§ TASK ITEM:
Word for word, restate the listing that follows and leave out the images.

[Opening COLLECTED MATERIAL section]

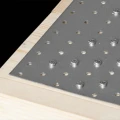 Placă perforată conector plat PP 2 40x100x2,0 000-359 (5)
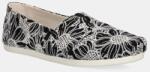 Toms teniși OVERSIZED FLORAL EYELET PPYA-OBD355_99X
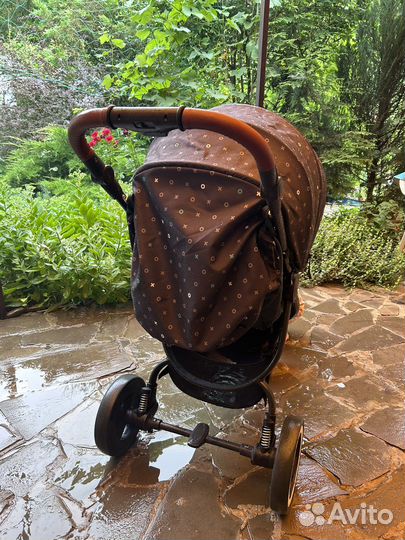 Коляска wylsa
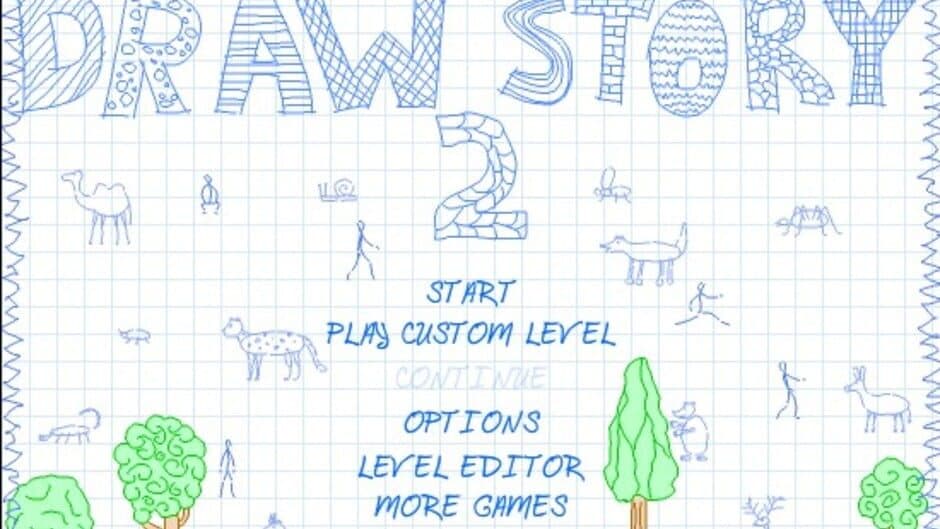 Скриншот 1 из Draw Story 2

[Closing COLLECTED MATERIAL section]

§ RESPONSE:
 Placă perforată conector plat PP 2 40x100x2,0 000-359 (5)
 Toms teniși OVERSIZED FLORAL EYELET PPYA-OBD355_99X
 Коляска wylsa
 Скриншот 1 из Draw Story 2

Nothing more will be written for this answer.